03
──あんな婚約者を持って可哀想に。
それを最初に言われたのはいつだろう。
その時まで自分の立場に満足していたエーリッヒには目から鱗だった。
子供の頃に決められた婚約者とはいえ、ヘルミーナは自分より身分の高い貴族令嬢で、お淑やかで心優しい女性だった。
両親はヘルミーナを我が娘のように可愛がっていたし、使用人たちもヘルミーナがやって来るのを楽しみにしていた。
だが、エーリッヒが第二次覚醒によって魔力量が増えたことにより、彼の立場は一気に押し上げられた。

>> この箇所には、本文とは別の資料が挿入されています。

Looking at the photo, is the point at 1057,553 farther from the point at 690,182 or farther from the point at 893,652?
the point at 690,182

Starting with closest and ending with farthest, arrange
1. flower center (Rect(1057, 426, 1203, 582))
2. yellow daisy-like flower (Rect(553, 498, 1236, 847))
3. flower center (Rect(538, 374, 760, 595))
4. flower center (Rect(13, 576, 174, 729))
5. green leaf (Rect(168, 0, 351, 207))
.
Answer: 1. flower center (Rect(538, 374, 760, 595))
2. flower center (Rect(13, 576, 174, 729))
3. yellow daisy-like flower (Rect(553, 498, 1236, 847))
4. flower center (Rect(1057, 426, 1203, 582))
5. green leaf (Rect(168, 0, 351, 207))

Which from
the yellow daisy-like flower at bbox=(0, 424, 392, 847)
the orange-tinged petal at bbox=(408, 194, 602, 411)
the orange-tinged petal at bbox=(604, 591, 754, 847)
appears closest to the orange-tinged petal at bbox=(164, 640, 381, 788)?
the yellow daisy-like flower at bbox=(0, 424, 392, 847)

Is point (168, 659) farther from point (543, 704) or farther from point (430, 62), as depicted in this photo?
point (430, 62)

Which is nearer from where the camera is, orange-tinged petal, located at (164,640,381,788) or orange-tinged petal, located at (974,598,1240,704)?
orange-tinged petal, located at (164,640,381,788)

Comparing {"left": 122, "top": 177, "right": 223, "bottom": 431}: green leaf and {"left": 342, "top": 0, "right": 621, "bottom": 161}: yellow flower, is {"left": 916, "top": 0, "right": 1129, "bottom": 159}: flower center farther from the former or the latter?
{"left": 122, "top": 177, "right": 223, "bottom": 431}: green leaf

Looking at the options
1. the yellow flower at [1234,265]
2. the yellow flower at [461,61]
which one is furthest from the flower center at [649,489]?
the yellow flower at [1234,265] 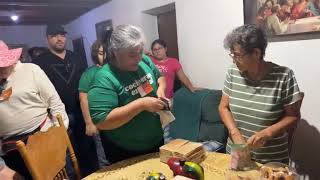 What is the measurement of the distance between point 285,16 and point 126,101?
1.30 metres

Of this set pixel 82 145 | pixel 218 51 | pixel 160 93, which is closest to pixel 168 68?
pixel 218 51

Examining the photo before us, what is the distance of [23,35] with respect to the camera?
24.3 feet

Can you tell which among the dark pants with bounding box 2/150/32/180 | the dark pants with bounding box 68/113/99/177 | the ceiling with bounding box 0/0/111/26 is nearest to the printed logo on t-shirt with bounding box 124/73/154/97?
the dark pants with bounding box 2/150/32/180

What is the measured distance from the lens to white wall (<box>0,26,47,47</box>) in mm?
7129

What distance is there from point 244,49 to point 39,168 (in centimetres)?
107

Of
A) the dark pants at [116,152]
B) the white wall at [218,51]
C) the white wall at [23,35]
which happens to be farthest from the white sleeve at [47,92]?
the white wall at [23,35]

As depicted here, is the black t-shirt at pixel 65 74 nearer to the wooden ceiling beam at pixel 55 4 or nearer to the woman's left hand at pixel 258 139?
the woman's left hand at pixel 258 139

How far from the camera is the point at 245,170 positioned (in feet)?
3.88

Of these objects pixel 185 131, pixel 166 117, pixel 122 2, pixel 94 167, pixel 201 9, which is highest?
pixel 122 2

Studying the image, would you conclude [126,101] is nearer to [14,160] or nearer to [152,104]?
[152,104]

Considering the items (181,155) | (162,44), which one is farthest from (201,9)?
(181,155)

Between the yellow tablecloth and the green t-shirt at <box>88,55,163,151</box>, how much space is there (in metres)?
0.08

初めて足を踏み入れた社交界で、エーリッヒの元には多くの人だかりができた。
ただの子爵家の息子なら誰も見向きしなかっただろう。
しかし、彼は子供だったにも関わらず第二次覚醒のおかげで魔物を倒し、自らの力で命の危機から脱出したのだ。
噂好きの社交界では、エーリッヒの武勇伝は多くの者に伝わっていたようだ。
おかげでエーリッヒは華やかな舞台でも臆することなく堂々としていられた。
同時に、若いながらも数多くの人脈を作り、事業の拡大に向けた家門同士の繋がりまで手を伸ばすことに成功していた。

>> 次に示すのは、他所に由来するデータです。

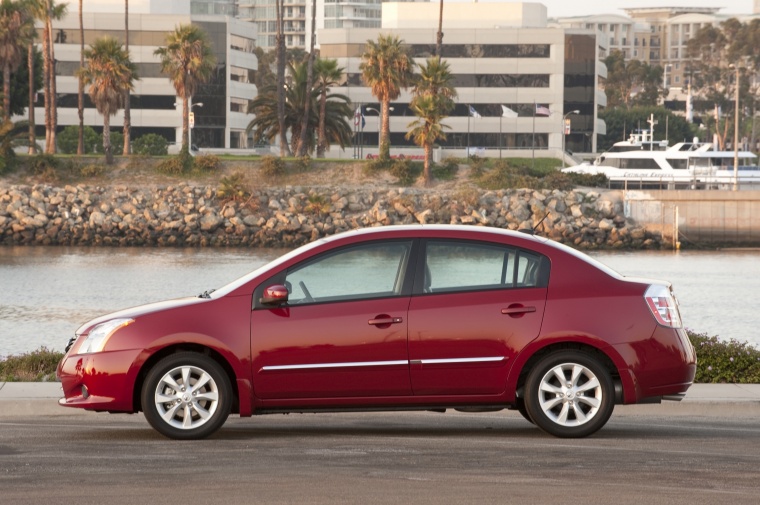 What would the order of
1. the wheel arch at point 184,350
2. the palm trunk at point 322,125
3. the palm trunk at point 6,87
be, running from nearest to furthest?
the wheel arch at point 184,350 → the palm trunk at point 6,87 → the palm trunk at point 322,125

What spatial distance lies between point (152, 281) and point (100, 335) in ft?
115

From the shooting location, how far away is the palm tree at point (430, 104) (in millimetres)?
72562

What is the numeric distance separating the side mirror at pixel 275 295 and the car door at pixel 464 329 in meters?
0.89

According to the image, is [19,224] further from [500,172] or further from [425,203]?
[500,172]

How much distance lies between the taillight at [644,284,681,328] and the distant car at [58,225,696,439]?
16 millimetres

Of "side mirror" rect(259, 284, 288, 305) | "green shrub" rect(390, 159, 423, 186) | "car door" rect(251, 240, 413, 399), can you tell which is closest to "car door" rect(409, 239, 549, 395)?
"car door" rect(251, 240, 413, 399)

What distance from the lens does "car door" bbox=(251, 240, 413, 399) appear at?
30.8 ft

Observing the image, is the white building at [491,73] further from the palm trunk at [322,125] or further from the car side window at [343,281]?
the car side window at [343,281]

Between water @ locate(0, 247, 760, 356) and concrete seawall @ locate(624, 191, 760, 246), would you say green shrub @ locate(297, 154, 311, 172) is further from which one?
concrete seawall @ locate(624, 191, 760, 246)

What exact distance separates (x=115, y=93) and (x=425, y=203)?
19.8 metres

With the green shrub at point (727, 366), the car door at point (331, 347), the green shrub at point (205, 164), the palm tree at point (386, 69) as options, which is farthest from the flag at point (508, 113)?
the car door at point (331, 347)

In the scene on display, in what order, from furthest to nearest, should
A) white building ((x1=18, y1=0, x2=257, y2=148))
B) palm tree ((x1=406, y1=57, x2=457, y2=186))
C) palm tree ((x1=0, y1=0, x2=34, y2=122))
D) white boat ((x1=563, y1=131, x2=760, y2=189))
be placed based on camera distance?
white building ((x1=18, y1=0, x2=257, y2=148))
palm tree ((x1=0, y1=0, x2=34, y2=122))
white boat ((x1=563, y1=131, x2=760, y2=189))
palm tree ((x1=406, y1=57, x2=457, y2=186))

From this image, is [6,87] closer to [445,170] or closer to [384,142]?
[384,142]

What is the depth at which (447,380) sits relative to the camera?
9484mm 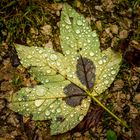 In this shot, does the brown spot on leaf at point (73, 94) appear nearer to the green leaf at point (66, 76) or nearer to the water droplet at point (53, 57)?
the green leaf at point (66, 76)

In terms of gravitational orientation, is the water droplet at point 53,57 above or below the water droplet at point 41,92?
above

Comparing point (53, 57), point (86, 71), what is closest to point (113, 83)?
point (86, 71)

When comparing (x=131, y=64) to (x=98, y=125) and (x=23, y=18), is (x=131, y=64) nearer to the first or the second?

それだけに、エーリッヒにすでに決められた相手がいることを嘆いた女性は多かっただろう。
エーリッヒの婚約者として社交界デビュー前からその存在を知られていたヘルミーナは、すでにエーリッヒとは不釣り合いのレッテルを貼られていた。
薄い水色の髪に、同色の瞳。
空気のように漂うような薄い存在感。
どこかパッとしない平凡な顔立ちに、自我を出さない態度。
他人より優れたところはなく、自慢できるほど突出したものも持っていない。
確かに、名声を上げつつあるエーリッヒに、ヘルミーナは婚約者として劣っているかもしれない。
けれど、彼女は誰よりエーリッヒに忠実な女性だった。
言われた通りに従い、余計なことはしない。
何よりヘルミーナのおかげで多くの貴族から同情を買うことができたのだから、これほど自分に都合の良い結婚相手はいないだろう。
腹の探り合いや裏切りなど日常茶飯事の社交界で、ヘルミーナだけはエーリッヒを欺かない。

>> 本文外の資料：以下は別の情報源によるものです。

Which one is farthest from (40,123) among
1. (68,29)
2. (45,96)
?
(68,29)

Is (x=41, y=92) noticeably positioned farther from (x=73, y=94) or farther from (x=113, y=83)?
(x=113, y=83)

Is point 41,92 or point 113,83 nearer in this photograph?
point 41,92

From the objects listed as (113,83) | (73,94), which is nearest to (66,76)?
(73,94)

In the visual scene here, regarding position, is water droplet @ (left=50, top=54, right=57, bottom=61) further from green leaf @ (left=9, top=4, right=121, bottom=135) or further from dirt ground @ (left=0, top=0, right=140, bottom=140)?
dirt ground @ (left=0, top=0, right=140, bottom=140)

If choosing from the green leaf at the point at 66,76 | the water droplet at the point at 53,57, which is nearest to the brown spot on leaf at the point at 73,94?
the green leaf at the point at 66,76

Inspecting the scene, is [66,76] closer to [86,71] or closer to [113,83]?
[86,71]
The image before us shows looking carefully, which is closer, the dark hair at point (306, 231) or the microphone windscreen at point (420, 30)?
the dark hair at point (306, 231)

彼女こそエーリッヒがいなければ貴族令嬢として生きていけないのだから……。
★ ★
「今日のパーティーでは僕の傍から離れないように」
揺れる馬車の中。
最小限のレースやリボンのついた青いドレスを着たヘルミーナは、エーリッヒの言葉に小さく頷いた。
いつもならヘルミーナと踊った後、親しい友人や仕事仲間の元に行ってしまうのに、今日は違った。
これから向かうのは、先日の舞踏会でエーリッヒにしつこく言い寄ってきた侯爵夫人からの招待だった。
お互いにこのパーティーには参加したくなかったが、今回ばかりは無視できなかった。
今から訪れる侯爵家は、火属性を束ねるレイブロン公爵家の一族に連なっている。
火魔法を得意とするレイブロン公爵家は、水魔法を使うウォルバート公爵家とは犬猿の仲だが、侯爵家以上の大きなパーティーでは必ず他の一族は代表を選んで出席する義務があった。
それぞれの一族で余計な争いを招かない為だ。
その代表に選ばれたのがエーリッヒとヘルミーナだった。
何でも向こうの侯爵家がエーリッヒの参加を強く望んできたようだ。
理由は明白。
侯爵家には娘しかおらず、爵位を継ぐ娘の婿候補にエーリッヒを狙っているのだ。
もし仮にエーリッヒがヘルミーナとの婚約を破棄して、侯爵家の婿として迎え入れられれば、ヘルミーナは平凡どころか婚約者を他の一族に奪われた役立たずにされてしまう。
一族の恥晒しとなれば、テイト伯爵家はウォルバート公爵家に顔向け出来なくなる。
見たところエーリッヒは全ての誘いを断り続けているが、今度だってどんな条件を提示されるか分からない。
今の自分に、彼を引き止めるだけの魅力はないのに。
ヘルミーナは考えれば考えるほど恐ろしくなった。
「ミーナ、早くしろ」
いつの間にか到着していた馬車は扉が開き、先に降りたエーリッヒが苛立った様子でヘルミーナに手を伸ばしてきた。
ヘルミーナは慌ててエーリッヒの手を取った。
二人の婚約に大きな利益はない。
愛という結びつきもない。
おまけに周囲から同情される始末。
一体、この婚約に何の価値があるというのだろうか。
それでも記憶に残っているエーリッヒと過ごした日々が忘れられず、彼の言いなりになっている自分が情けなくなった。